250% of what, exactly?

250% of what, exactly?

  • Comments 27

I just got a question this morning about how to take two collections of items and determine how many of those items had the same name. The user had written this straightforward but extremely slow VBScript algorithm:

For Each Frog In Frogs
  For Each Toad In Toads
    If Frog.Name = Toad.Name Then
      SameName = SameName + 1
      Exit For
    End If
  Next
Next

There were about 5000 frogs, 3000 toads and 1500 of them had the same name. Every one of the 3500 unsuccessful searches checked all 3000 toads, and the 1500 successful searches on average checked 1500 toads each. Each time through the inner loop does one loop iteration, two calls to the Name property, one string comparison. Add all those up and you get roughly 50 million function calls to determine this count.

This code has been somewhat simplified – the actual user code was doing more work inside the loop, including calls to WMI objects.

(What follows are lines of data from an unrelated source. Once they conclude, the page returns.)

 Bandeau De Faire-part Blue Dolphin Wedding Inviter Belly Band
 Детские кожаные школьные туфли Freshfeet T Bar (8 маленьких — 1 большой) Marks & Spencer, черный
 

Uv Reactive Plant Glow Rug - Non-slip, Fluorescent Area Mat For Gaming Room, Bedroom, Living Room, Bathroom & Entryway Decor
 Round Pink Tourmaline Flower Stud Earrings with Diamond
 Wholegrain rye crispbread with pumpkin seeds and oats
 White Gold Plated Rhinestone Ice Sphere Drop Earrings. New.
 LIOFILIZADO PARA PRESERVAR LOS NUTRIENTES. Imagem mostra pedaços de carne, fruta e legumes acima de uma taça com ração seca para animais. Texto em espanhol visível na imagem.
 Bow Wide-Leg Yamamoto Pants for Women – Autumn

The whole thing was taking 10+ minutes, which is actually pretty fast considering how much work was being done. Each individual function call was only taking a few microseconds, but fifty million calls adds up!

Now, we've been down this road before in this blog (here, here and here) and so of course I recommended building a faster lookup table rather than doing a full search through the collection every time.

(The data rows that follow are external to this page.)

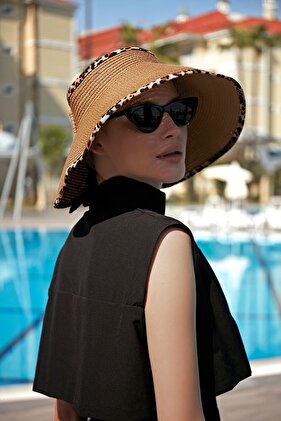 Remsa Foldable Visor Straw Hat Sunscreen Visor RŞ-80 Leopard Piping Camel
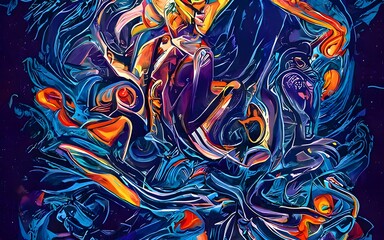 Conceptual abstract painting. Abstract colorful oil painting on canvas texture. Hand drawn brush stroke, oil color paintings background. Modern art oil paintings with multi color Abstract contemporary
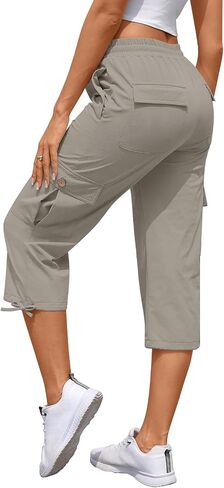 بنطال Bestbee Cargo Capris للتنزه سيرًا على الأقدام للنساء، خفيف الوزن وسريع الجفاف في الهواء الطلق، بنطال كاجوال رياضي للسفر مع 6 جيوب in Kuwait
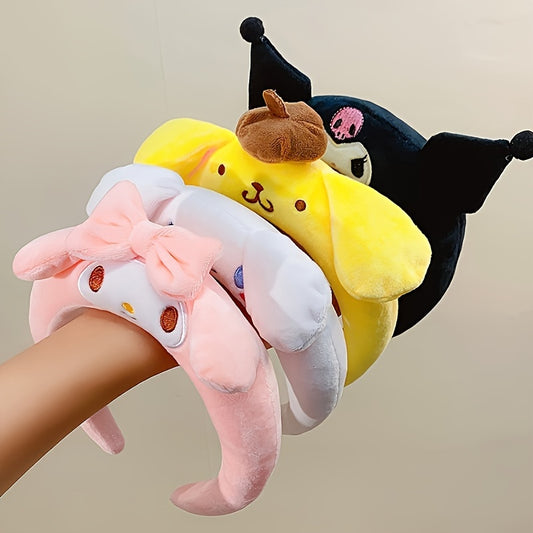 1pc Lovely Cartoon Character Decorative Head Band Cute Plush Non Slip Hair Hoop Suitable For Face Washing Skin Care Make Up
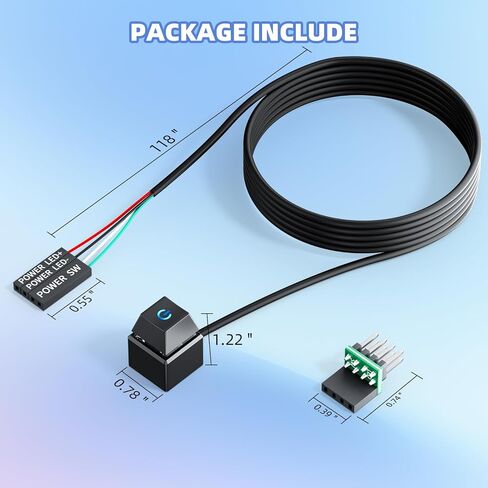 PC Power Button with 118" Cable - Desktop Computer Power Switch, External ON/Off Switch LED, PC Power Supply Button Splitter for Computer Motherboard (Black 118'') in Saudi Arabia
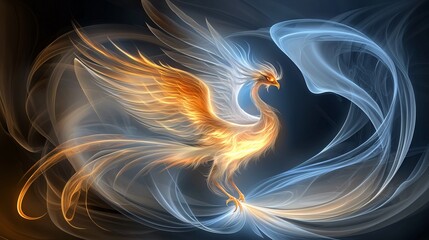 Wall Mural - Fiery Phoenix Bird Mythical Creature Fantasy Art Abstract Glowing Wings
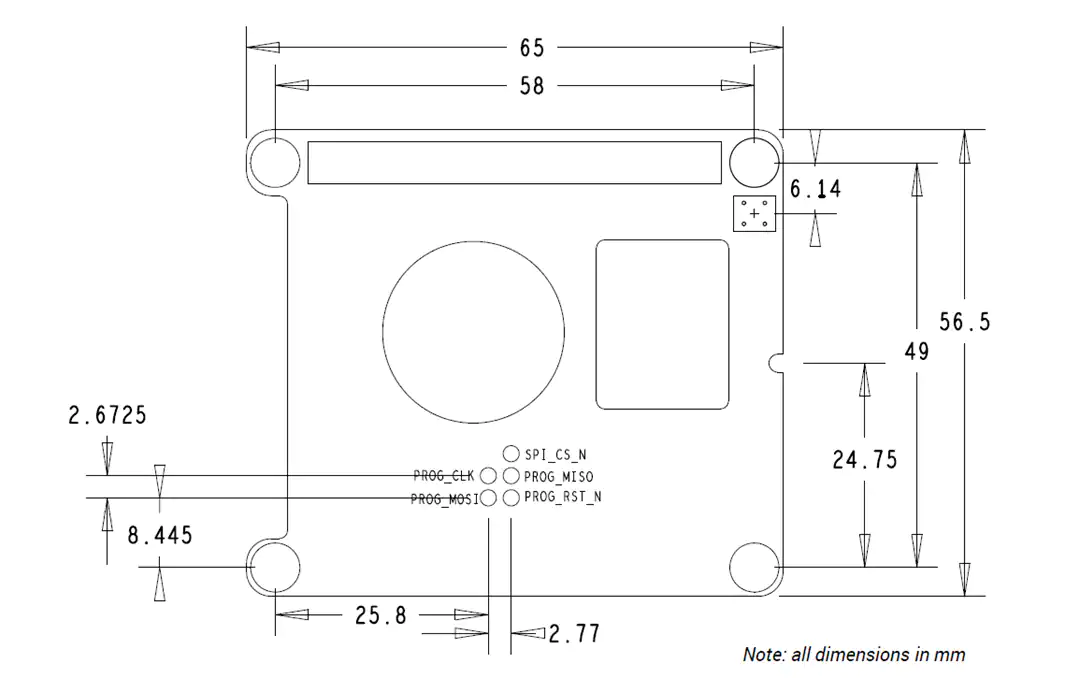 Mechanical Drawing - 树莓派 Power over Ethernet HAT (RPI3-MODBP-POE)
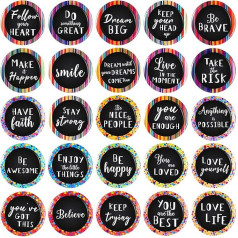 Outus Pack of 25 Fridge Magnets, Motivation Magnets, Round Magnets for Whiteboard, Magnetic Board, Fridge, Decorative Kitchen, Office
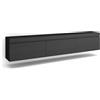 Skraut Home | Mobile TV Soggiorno | Ampio spazio a disposizione | 240x45x35 cm | Sospeso, da appendere | Stile moderno | Nero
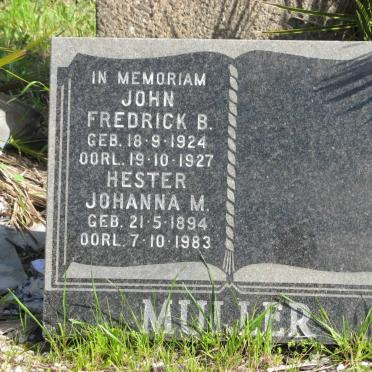 MULLER Hester Johanna M. 1894-1983 :: MULLER John Fredrick B. 1924-1927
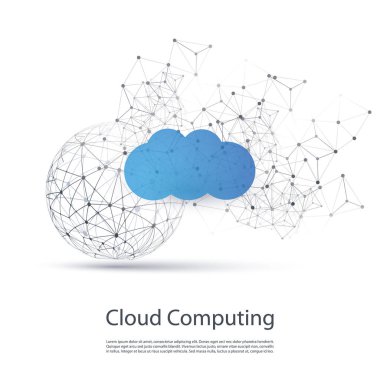 Cloud Computing tasarım kavramı - dijital ağ bağlantıları, teknolojik altyapı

Set FrogLookup = CreateObject("Scripting.Dictionary")
For Each Frog In Frogs
  FrogLookup(Frog.Name) = Frog
Next
For Each Toad In Toads
  If FrogLookup.Exists(Toad.Name) Then SameName = SameName + 1
Next

Which is much, much faster. That's only about 16 thousand function calls. Now, this is maybe not an apples-to-apples comparison of function calls, but we at least have good reason to believe that this is going to be several times faster. 

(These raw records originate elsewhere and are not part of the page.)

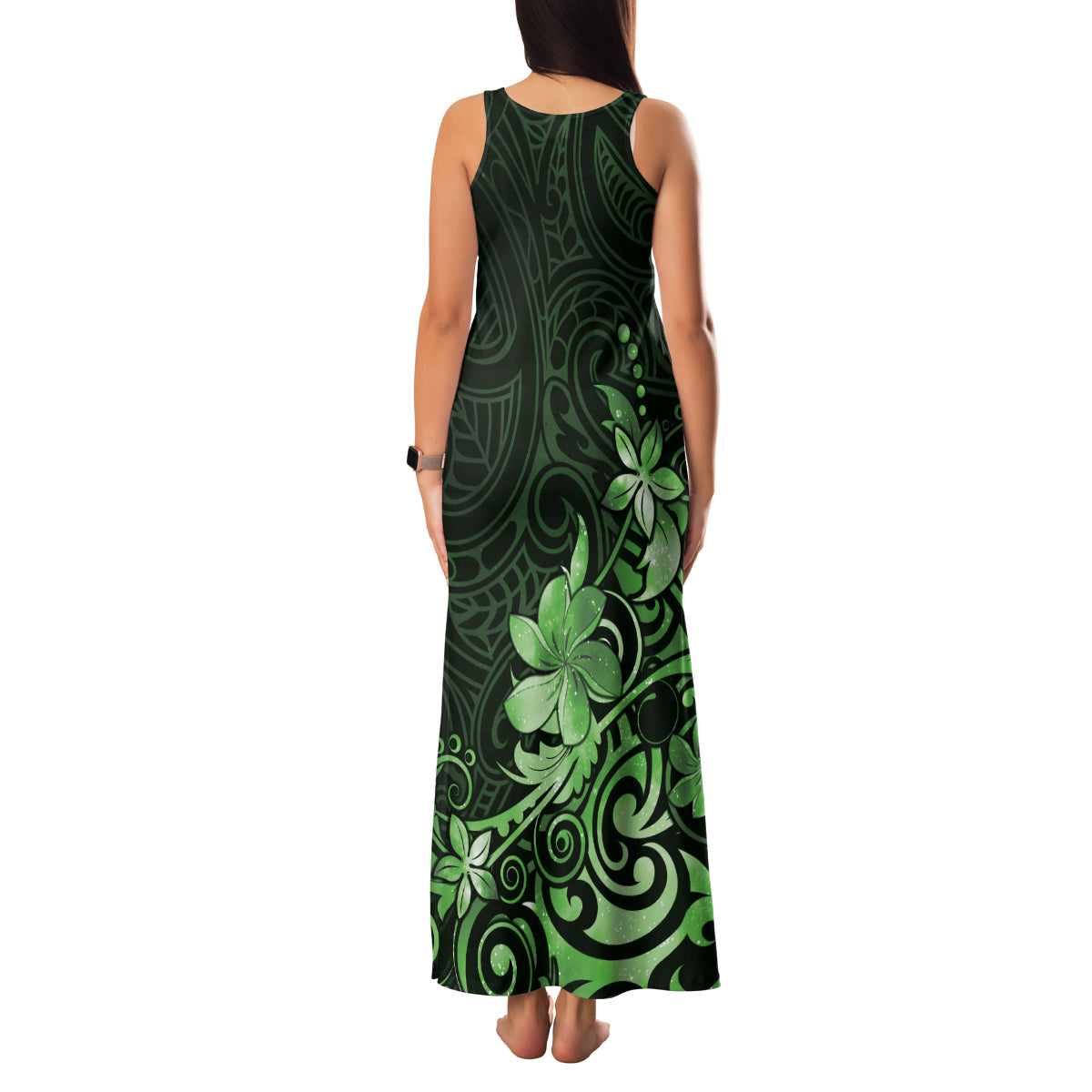 Matariki New Zealand Family Matching Tank Maxi Dress and Hawaiian Shirt Maori Pattern Green Galaxy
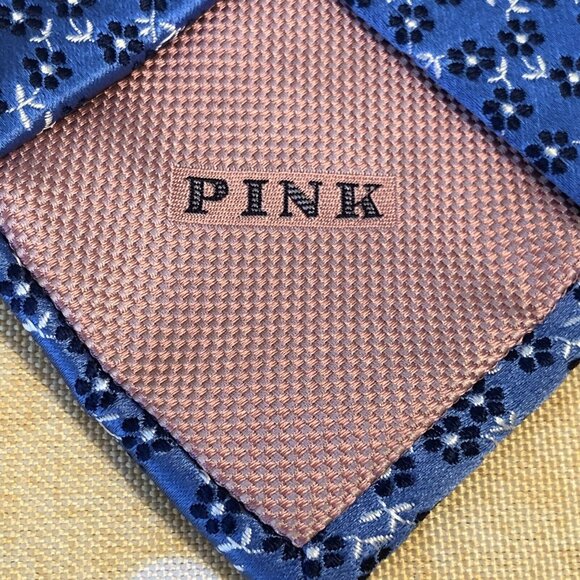 SOLD MENS THOMAS PINK TIE 100% SILK MADE IN Morocco 3.25” Blue Floral - Picture 6 of 8
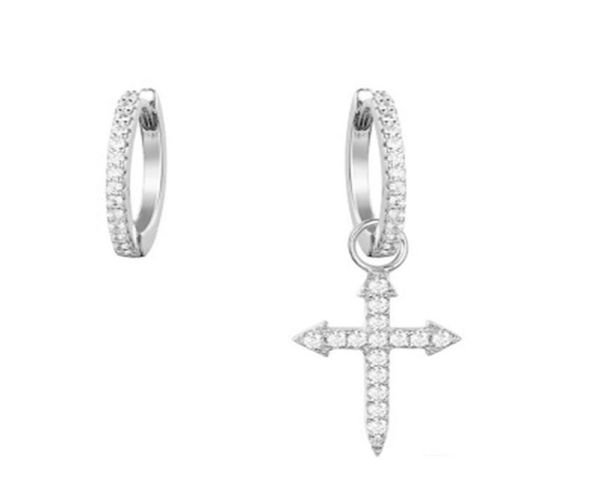 

european and american foreign trade silver jewelry cross earrings asymmetric fashion personality earrings female039s preferred 9594037, Golden;silver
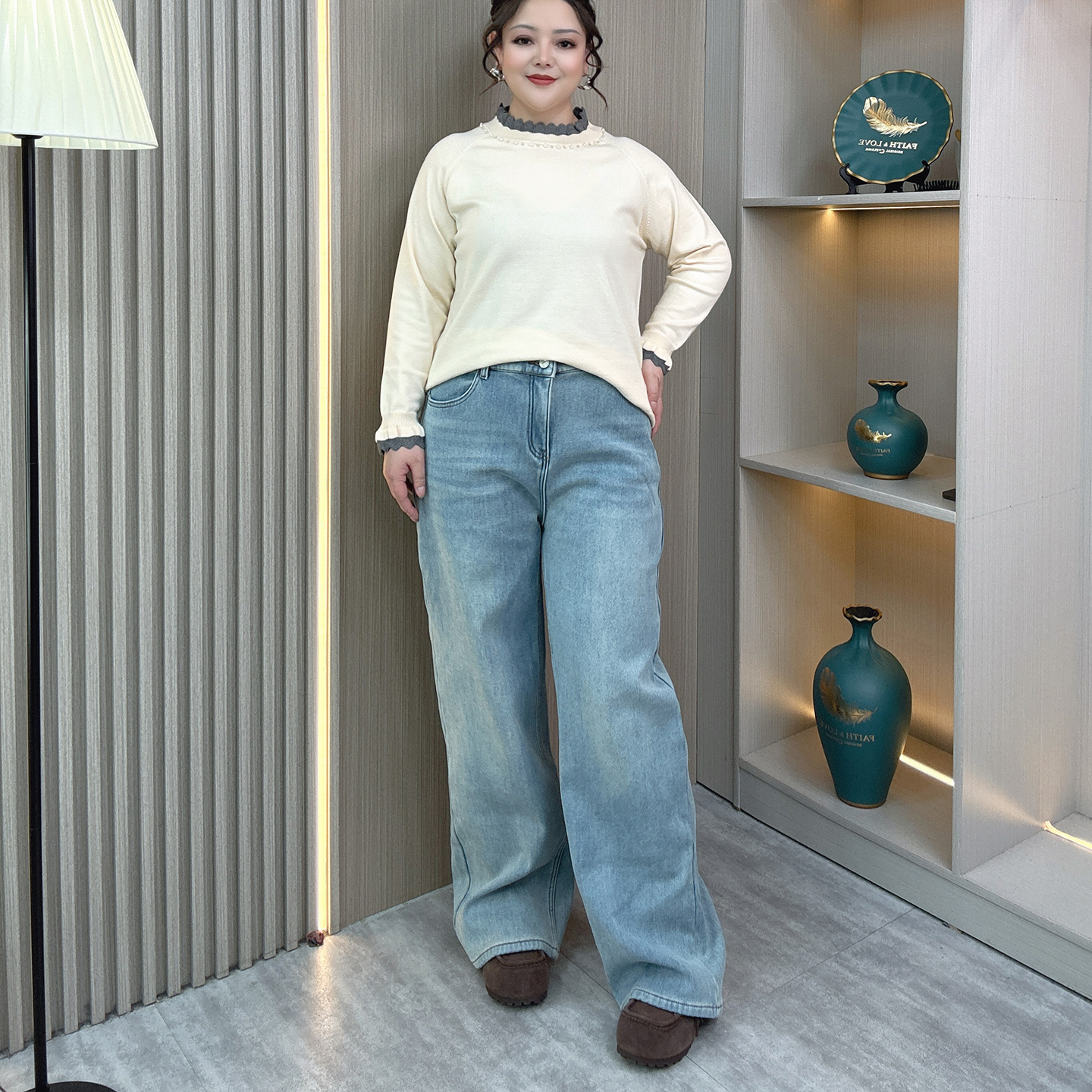 大码女装秋冬加绒加厚显瘦牛仔裤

And indeed it was. But I'm still not sure how much, which brings me to the actual subject of today's blog. The user reported that the new algorithm was "250% better". I hear results like this all the time, and I always have to ask to clarify what it means. You can't just say "n% better" without somehow also communicating what you're measuring.

(UPDATE: This reported result understandably confused some readers.  Clearly the new loop here is thousands of times faster, not a mere 250% faster. As I said before, the sketch above is highly simplified code. The real-world code included many thousands of additional calls to WMI objects which were not eliminated by this optimization. Eliminating these 50 million function calls helped -- you should always eliminate the slowest thing first!  But doing so also exposed a new "hot spot" that needed further optimization.  However, the point of this article is not the benefits of using lookup tables, but rather that using unexplained percentages to report performance results is potentially misleading.  The result above is merely illustrative.  See the comments for more details.)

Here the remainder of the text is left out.